Repeat the records exactly, with one exception: no images.
◆ ◆ ◆ ◆ ◆
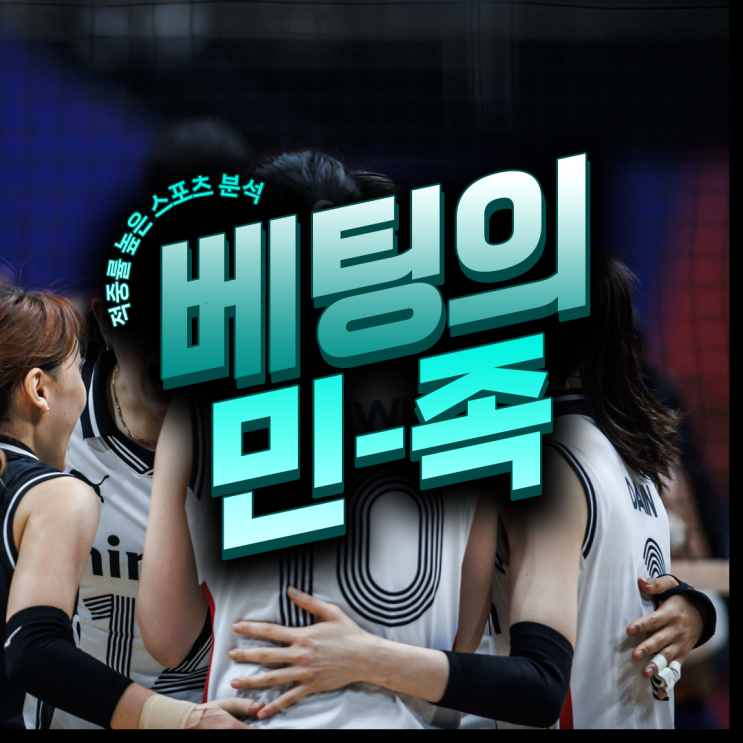 흥국생명 <b>현대건설</b> 정관장 <b>GS칼텍스</b> <b>양효진</b>선수 경기 분석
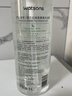 屈臣氏绿茶清香沐浴露1L（茶叶精粹 透明质酸 柔润净肤） 实拍图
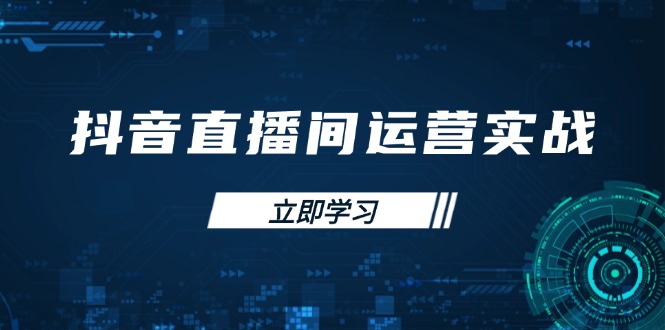（14250期）抖音直播间运营实战48+50期：学习账号管理与流量模型 掌握付费推广提升GMV-资源鲟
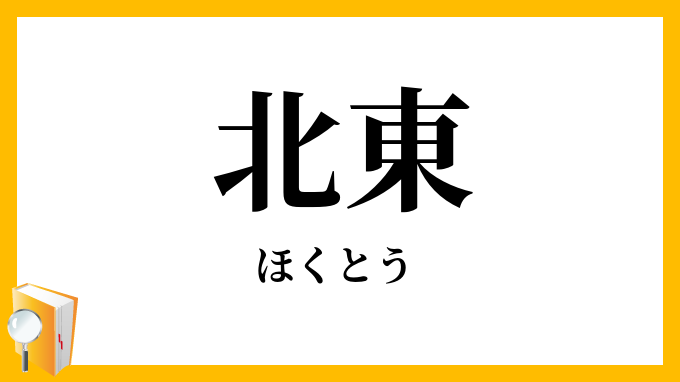 北東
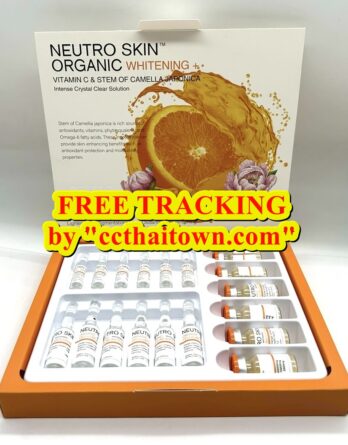 NEUTRO SKIN ORGANIC VITAMIN C & STEM OF CAMELLIA JAPONICA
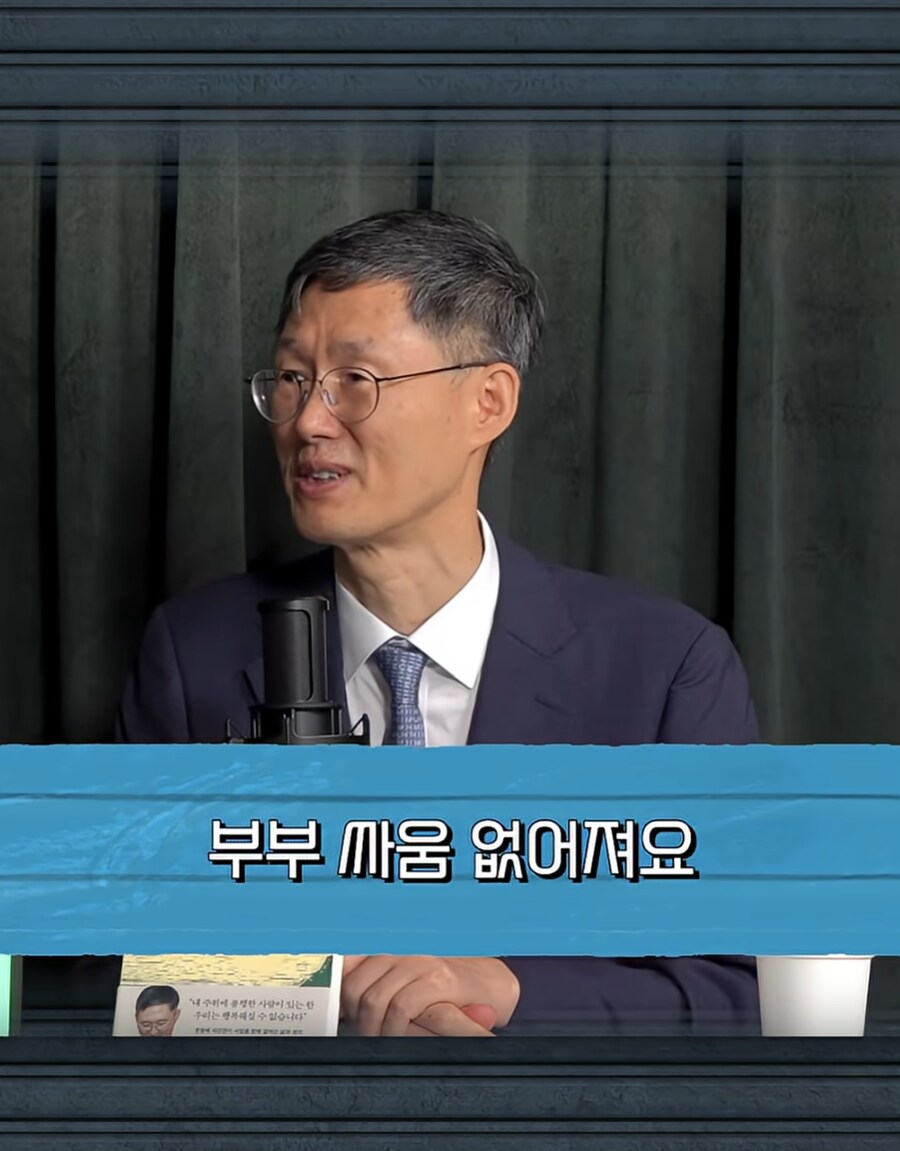 부부싸움 없애는 방법_7.png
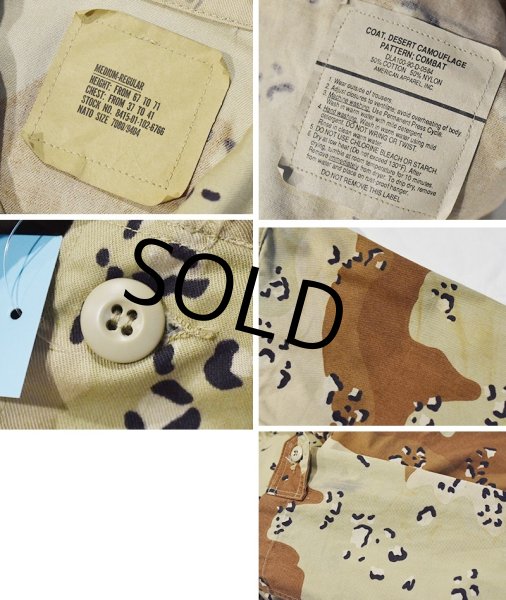 画像2: 90's【u.s.army】【米軍実物】ビンテージ【デザートカモ】【コンバットジャケット】【M-R】  (2)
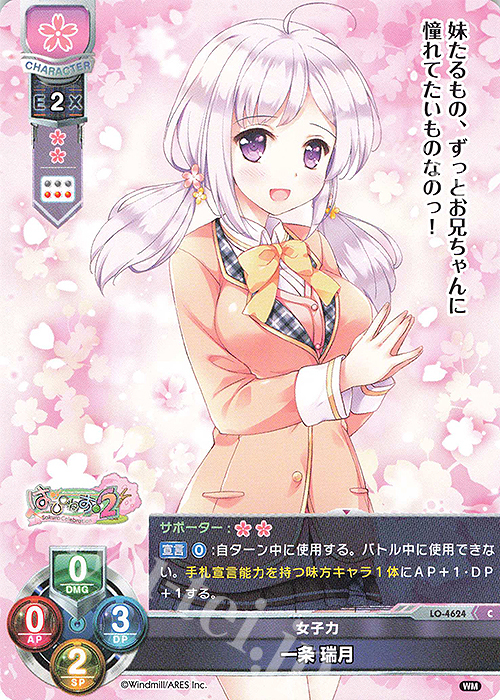C 一条 瑞月 | 販売 | ういんどみる 1.0 | Lycee Overture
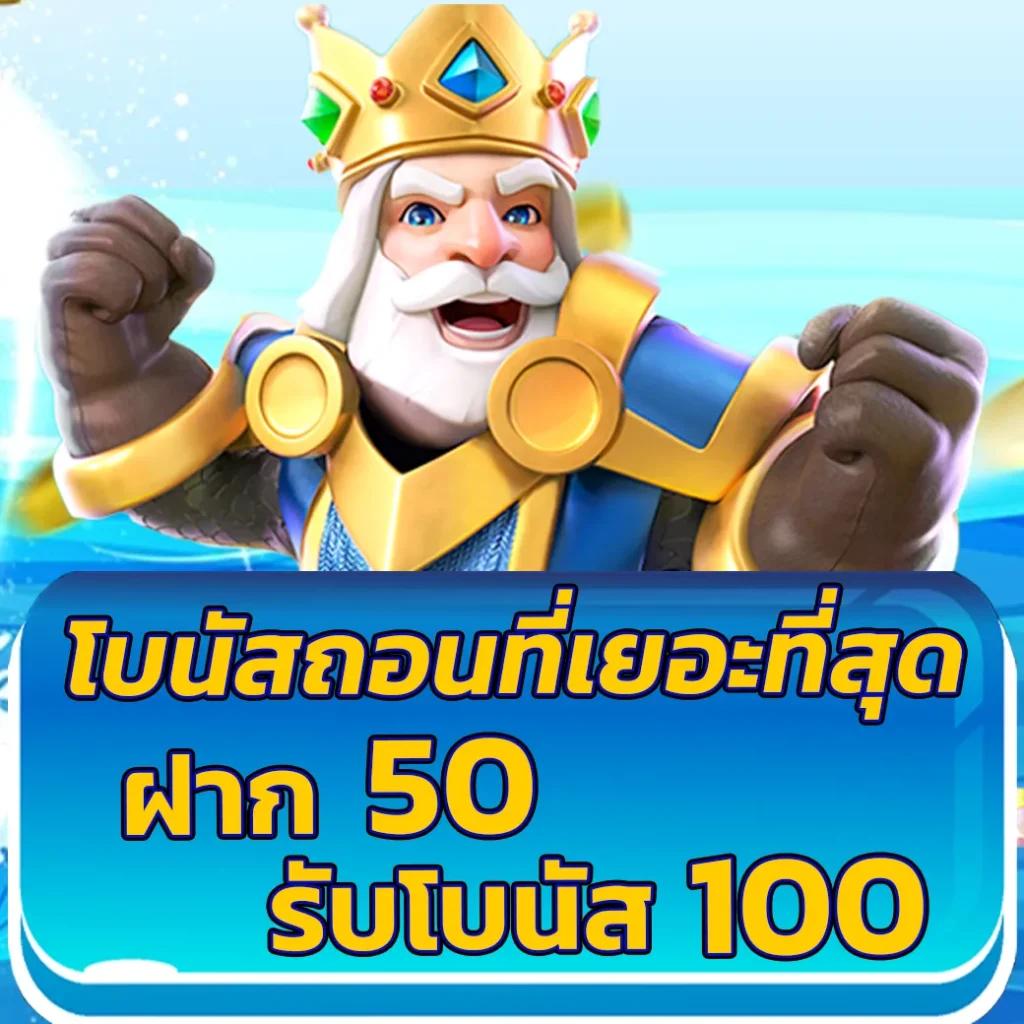 ชุปเปอสล๊อต777 คาสิโนออนไลน์ สล็อตแตกง่าย ระบบดีที่สุดในไทย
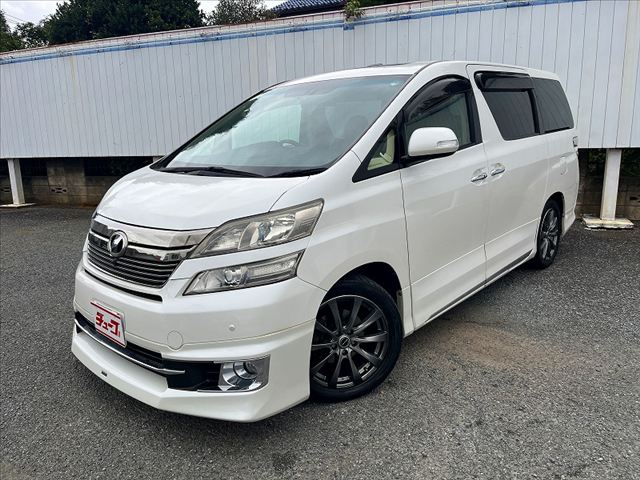 トヨタ ヴェルファイア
◆ ◆ ◆ ◆ ◆
__Response to this task__.
 흥국생명 <b>현대건설</b> 정관장 <b>GS칼텍스</b> <b>양효진</b>선수 경기 분석
 屈臣氏绿茶清香沐浴露1L（茶叶精粹 透明质酸 柔润净肤） 实拍图
（14250期）抖音直播间运营实战48+50期：学习账号管理与流量模型 掌握付费推广提升GMV-资源鲟
 北東
 NEUTRO SKIN ORGANIC VITAMIN C & STEM OF CAMELLIA JAPONICA
 부부싸움 없애는 방법_7.png
 画像2: 90's【u.s.army】【米軍実物】ビンテージ【デザートカモ】【コンバットジャケット】【M-R】  (2)
C 一条 瑞月 | 販売 | ういんどみる 1.0 | Lycee Overture
 ชุปเปอสล๊อต777 คาสิโนออนไลน์ สล็อตแตกง่าย ระบบดีที่สุดในไทย
 トヨタ ヴェルファイア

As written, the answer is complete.